# Reference

https://machinelearningmastery.com/how-to-develop-a-cnn-from-scratch-for-cifar-10-photo-classification/
https://www.geeksforgeeks.org/cifar-10-image-classification-in-tensorflow/
https://www.stefanfiott.com/machine-learning/cifar-10-classifier-using-cnn-in-pytorch/
https://www.33rdsquare.com/convolutional-neural-network-pytorch-implementation-on-cifar10-dataset/
https://www.geeksforgeeks.org/building-a-convolutional-neural-network-using-pytorch/
https://ncl.instructure.com/courses/55046/files/8928967?module_item_id=3535263
https://ncl.instructure.com/courses/55046/files/8913068?module_item_id=3535259
https://ncl.instructure.com/courses/55046/files/8942227?module_item_id=3540677

In [None]:
import torch
import torch.nn as nn
import torch.optim as optim
import torchvision
import torchvision.transforms as transforms
import matplotlib.pyplot as plt
import numpy as np
from torch.utils.data import DataLoader

class NeuralNet(nn.Module):
    """ 
        My neural network model for CIFAR-10 classification created using different sources listed in the References section.
        @param batch_normalization: Whether to use batch normalization or not. It is used to answer Q2 
        
      """
    def __init__(self, batch_normalization=False):
        super(NeuralNet, self).__init__()
        self.batch_normalization = batch_normalization

        def conv_block(in_channels, out_channels):
            layers = [nn.Conv2d(in_channels, out_channels, 3, padding=1), nn.ReLU()]
            if batch_normalization:
                layers.append(nn.BatchNorm2d(out_channels))
            return layers

        self.block1 = nn.Sequential(*conv_block(3, 32), *conv_block(32, 32), nn.MaxPool2d(2, 2))
        self.block2 = nn.Sequential(*conv_block(32, 64), *conv_block(64, 64), nn.MaxPool2d(2, 2))
        self.block3 = nn.Sequential(*conv_block(64, 128), *conv_block(128, 128), nn.MaxPool2d(2, 2))

        self.classifier = nn.Sequential(
            nn.Dropout(0.2),
            nn.Flatten(),
            nn.Linear(128 * 4 * 4, 128),
            nn.ReLU(),
            nn.Dropout(0.2),
            nn.Linear(128, 10)
        )

    def forward(self, x):
        x = self.block1(x)
        x = self.block2(x)
        x = self.block3(x)
        x = self.classifier(x)
        return x

def load_dataset():
    """ 
        Load CIFAR-10 dataset and return train and test loaders.
      """
    transform = transforms.Compose([
        transforms.ToTensor(),
        transforms.Normalize((0.5, 0.5, 0.5), (0.5, 0.5, 0.5))
    ])

    trainset = torchvision.datasets.CIFAR10(root='./data', train=True, download=True, transform=transform)
    testset = torchvision.datasets.CIFAR10(root='./data', train=False, download=True, transform=transform)

    trainloader = DataLoader(trainset, batch_size=64, shuffle=True, num_workers=2)
    testloader = DataLoader(testset, batch_size=64, shuffle=False, num_workers=2)

    return trainloader, testloader


def count_parameters(model):
    """ 
        Count the total number of parameters in the model.
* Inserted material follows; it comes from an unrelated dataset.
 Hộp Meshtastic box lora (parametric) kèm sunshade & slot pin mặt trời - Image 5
It is used to keep track of the complexity of the model.
      """
    return sum(p.numel() for p in model.parameters())

def train_model(model, trainloader, testloader, epochs=50, device='cuda', early_stopping_patience=10):
    """ 
        Train the model using the given train and test loaders. It is used to train the model and return the best model. 

        @param model: The model to train
        @param trainloader: The DataLoader for the training set
        @param testloader: The DataLoader for the test set
        @param epochs: The number of epochs to train the model, default is 50
        @param device: The device to use for training, default is 'cuda'
        @param early_stopping_patience: The number of epochs to wait before early stopping, default is 10

        @info : loss function is CrossEntropyLoss and optimizer is Adam
      """
    loss_fun = nn.CrossEntropyLoss()
    optimizer = optim.Adam(model.parameters())
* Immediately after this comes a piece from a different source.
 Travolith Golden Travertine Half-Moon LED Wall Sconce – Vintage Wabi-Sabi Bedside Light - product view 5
    model = model.to(device)
    train_losses, test_losses = [], []
    best_loss = float('inf')
    patience = 0
    best_model_state = None

    for epoch in range(epochs):
        model.train()
        running_loss = 0.0

        for inputs, labels in trainloader:
            inputs, labels = inputs.to(device), labels.to(device)

            optimizer.zero_grad()
            outputs = model(inputs)
            loss = loss_fun(outputs, labels)
            loss.backward()
            optimizer.step()

            running_loss += loss.item()

        train_loss = running_loss / len(trainloader)
        train_losses.append(train_loss)

        model.eval()
        test_loss = 0
        with torch.no_grad():
            for inputs, labels in testloader:
                inputs, labels = inputs.to(device), labels.to(device)
                outputs = model(inputs)
                loss = loss_fun(outputs, labels)
                test_loss += loss.item()

        test_loss /= len(testloader)
        test_losses.append(test_loss)

        if test_loss < best_loss:
            best_loss = test_loss
            patience = 0
            best_model_state = model.state_dict()
        else:
            patience += 1
            if patience >= early_stopping_patience:
                print("Early stopping triggered.")
                break

        print(f"Epoch {epoch + 1}/{epochs}: Train Loss: {train_loss:.4f}, Test Loss: {test_loss:.4f}")

    model.load_state_dict(best_model_state)
    return train_losses, test_losses, model

def plot_convergence(train_losses, test_losses, title, filename):
    """ 
        Plot the convergence of the model during training. It is used to visualize the training process and compare my models.
      """
    plt.figure(figsize=(10, 5))
    plt.plot(train_losses, label='Train Loss')
    plt.plot(test_losses, label='Test Loss')
    plt.title(title)
    plt.xlabel('Epochs')
    plt.ylabel('Loss')
    plt.legend()
    plt.savefig(filename)
    plt.show()

def plot_feature_filters(model, test_loader, device):
    """ 
        Plot the feature filters for each layer in the model. Used to visualize the feature filters of each convolutional layer. 
        We can see the dimensions of the feature maps and how they change as we go deeper into the network.
      """
    model.eval()
    test_images, _ = next(iter(test_loader))
    test_image = test_images[0].unsqueeze(0).to(device)

    with torch.no_grad():
        activations = []
        x = test_image
        for layer in list(model.block1) + list(model.block2) + list(model.block3):
            x = layer(x)
            if isinstance(layer, nn.ReLU):
                activations.append(x.cpu().numpy())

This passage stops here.